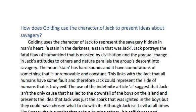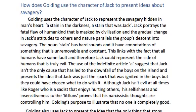The noun 'stain' has hard sounds and connotations of something that is unremovable and constant. This links with the fact that all humans have some faults, and therefore Jack could represent the side of humans that is truly evil. The use of the indefinite article 'a' suggests that Jack isn't the only cause that has led to the downfall of the boys on the island, and presents the idea that Jack was just the spark that was ignited in the boys but they could have chosen what to do with it. Although Jack isn't evil at all times — unlike Roger, who is a sadist that enjoys hurting others — his selfishness and insensitivity to the littluns proves that his narcissistic thoughts are controlling him. Golding's purpose is to illustrate that no one is completely good.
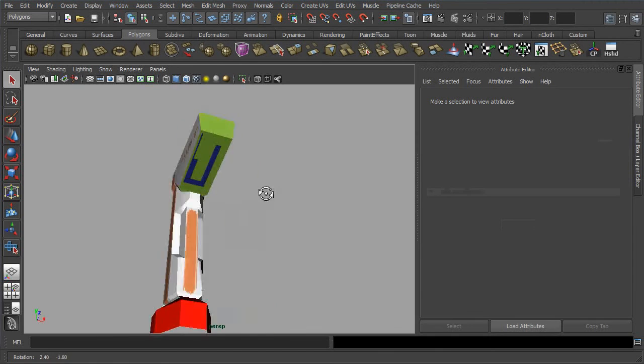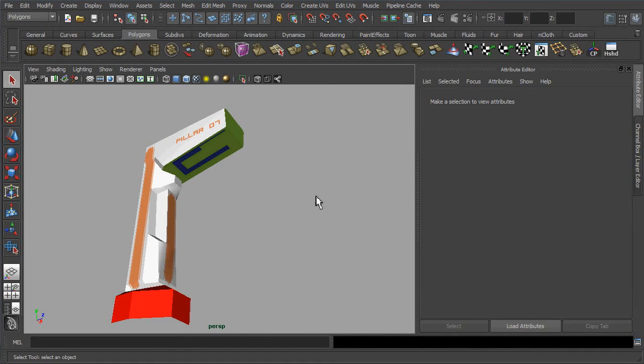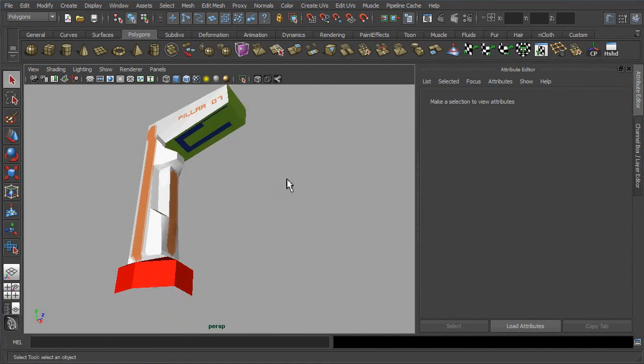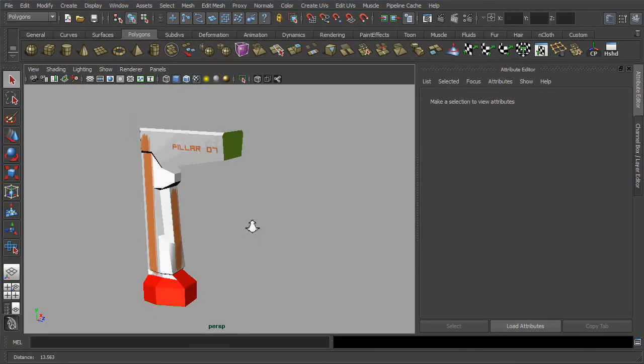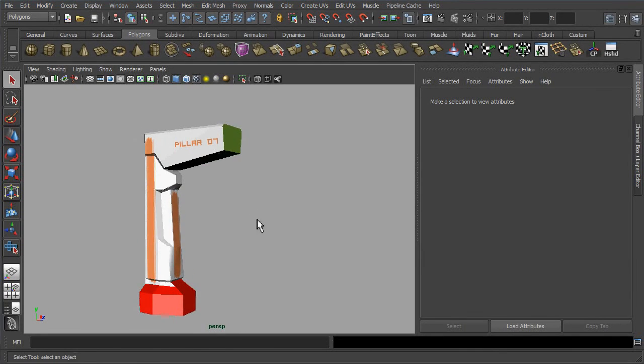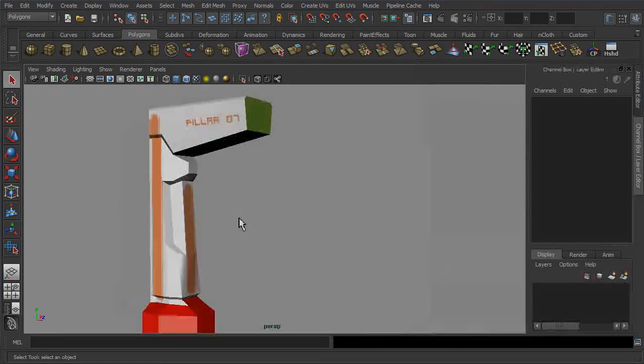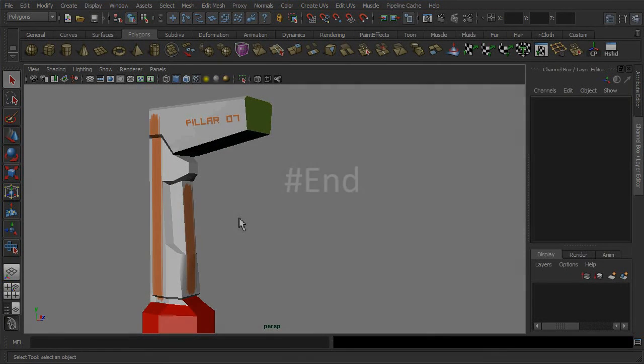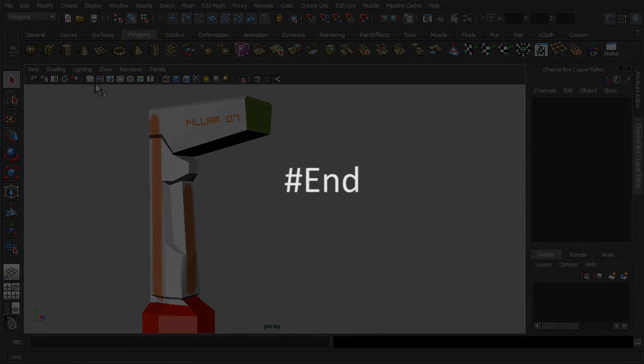Alright, and here marks the end of these basic workflow demonstrations. Do check out the next demonstration for how to create additional textures with Adobe Photoshop. Thank you.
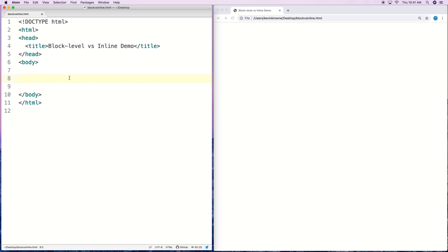In this video I'm going to talk about a distinction made in HTML between block level elements and inline elements. A block level element will start on a new line and take up the full width available, stretching out to the right and left as far as it can. Browsers will also typically insert a new line after the block level element, whereas an inline element does not start on a new line and takes up only as much width as necessary.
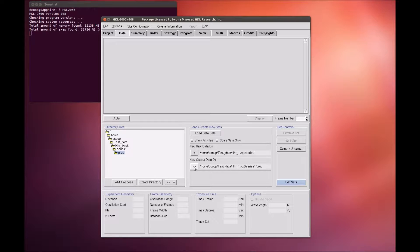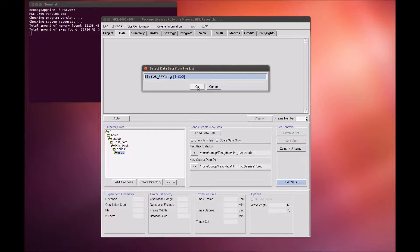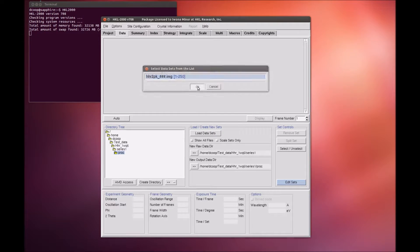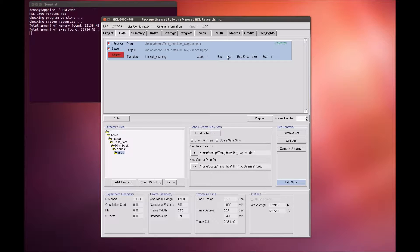Select the images you want to process using the Load Data Sets button in the middle of the interface. This will open a dialog with the images grouped together by file name pattern, followed by the range of images that fit the pattern. Here, we see that there are 250 images that start with HHR2PK.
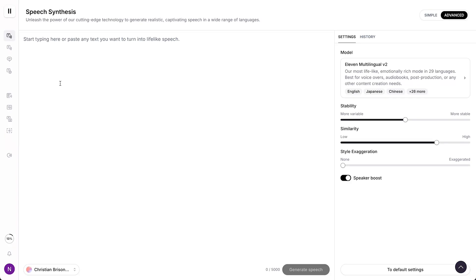In this video, I will show you how to make the AI voiceovers within a level apps sing. First of all, if you want to get started with a level apps with the best discounts available, just check out the link in the description below to get started.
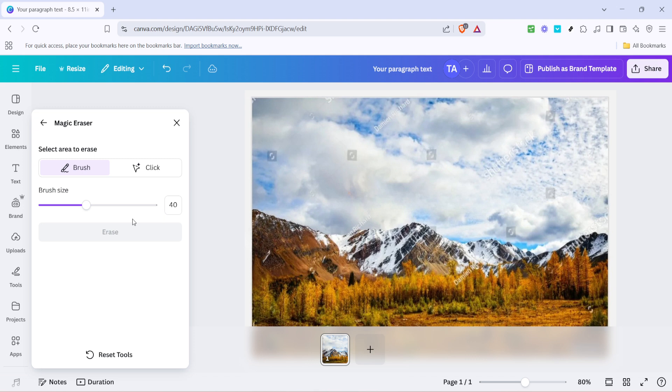And there you have it. Congratulations, you've successfully removed a watermark using Canva Pro's Magic Eraser. Feel free to review your design and polish it further if necessary. Remember, practice makes perfect and the more you work with these tools, the easier it gets. I hope you found this tutorial helpful and more importantly, empowering the next time you need to tackle another watermark.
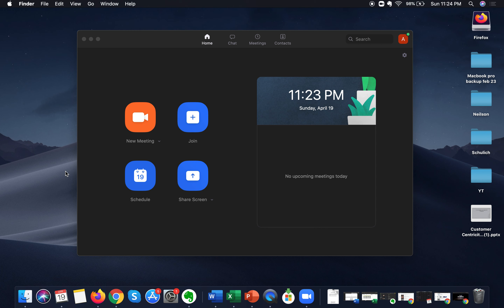Hey guys, welcome to my channel AKA Valia. Today we're going to talk about how to use the whiteboard in Zoom. At the end of the video, I'm also going to show you how to use Zoom annotation tools.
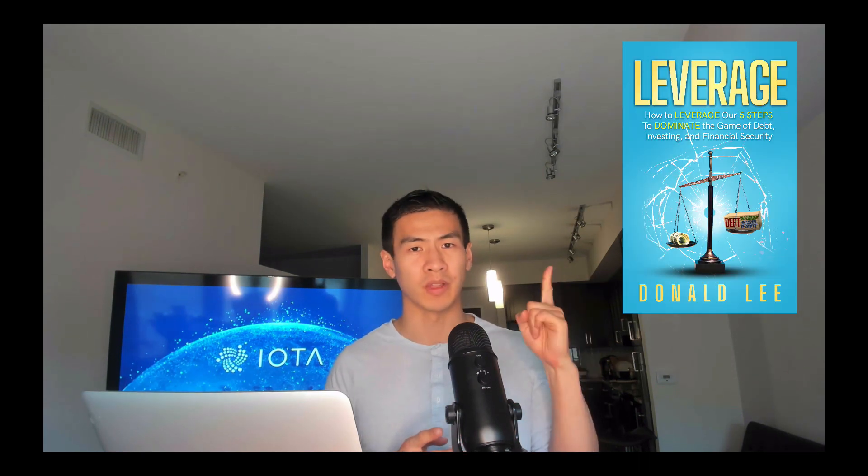That's it for today's video on IOTA cryptocurrency — IOTA explained, what is IOTA coin. I hope you enjoyed it and learned something.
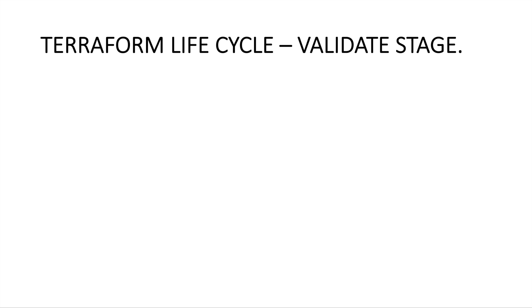Hello, in this session we are going to talk about the next stage which is the validate stage. In the last session we spoke about the init stage which can be used to initialize your Terraform code. Now in this session we will talk about the validate stage which can be used to validate your Terraform code for any syntactical errors.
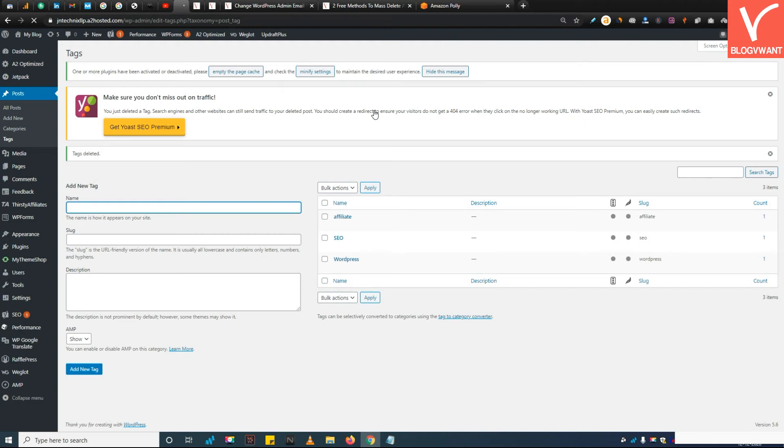Now repeat this process if you want to delete all tags, doesn't matter if it is used or not.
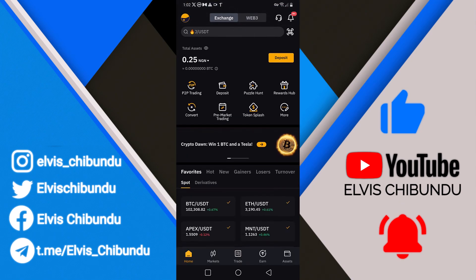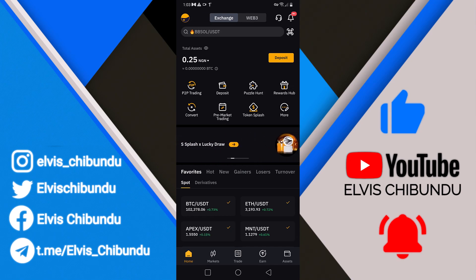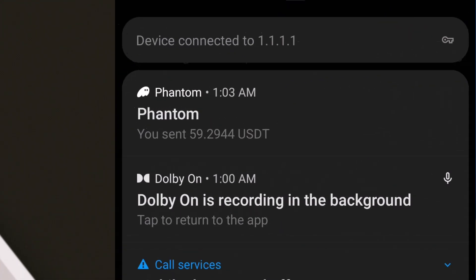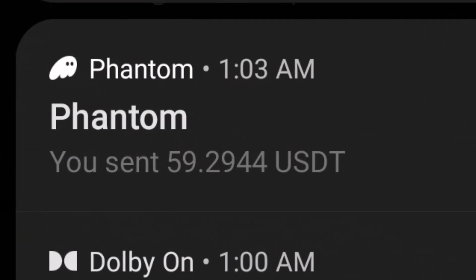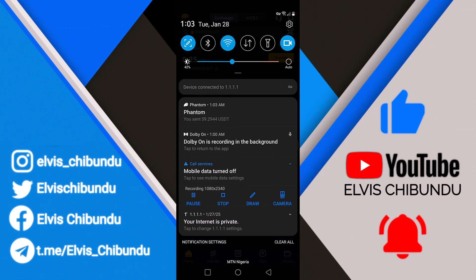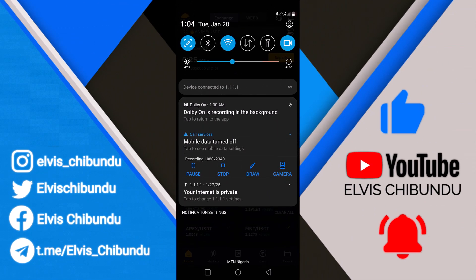It's going to take some time, just be patient. I can see right here — you sent 59 USDT.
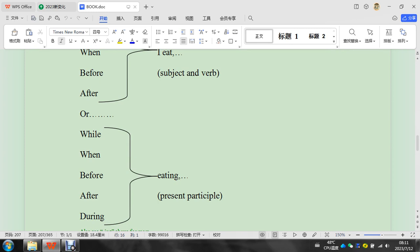Now also you want to notice down here: during, during eating. This can be a noun too. So during lunch, after lunch, before lunch—no 'when lunch' though.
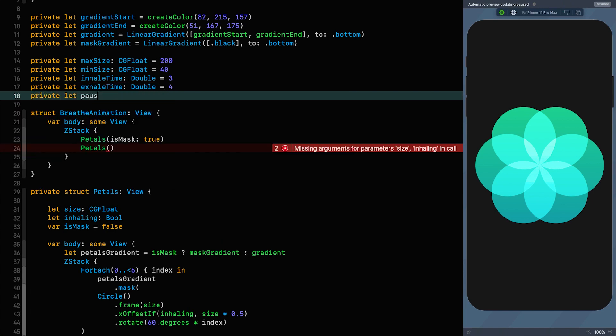We need a pause time which is a Double equal to 0.5. I measured these looking at the app, so it's a best guess — they look similar enough in my opinion, but they're probably not perfect. Now we need to set up a couple of private state variables.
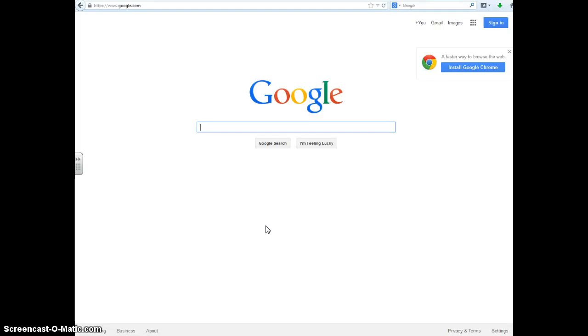In this video I will demonstrate how to use the measurement tool in Google Maps. It's also a basic primer on how to use Google Maps in general.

- - -

Where the line holding "Now also you" appears, start copying, and continue exactly through the last line of the listing, both ends included, skipping the pictures.

■ **Task result**
Now also you want to notice down here: during, during eating. This can be a noun too. So during lunch, after lunch, before lunch—no 'when lunch' though.
We need a pause time which is a Double equal to 0.5. I measured these looking at the app, so it's a best guess — they look similar enough in my opinion, but they're probably not perfect. Now we need to set up a couple of private state variables.
In this video I will demonstrate how to use the measurement tool in Google Maps. It's also a basic primer on how to use Google Maps in general.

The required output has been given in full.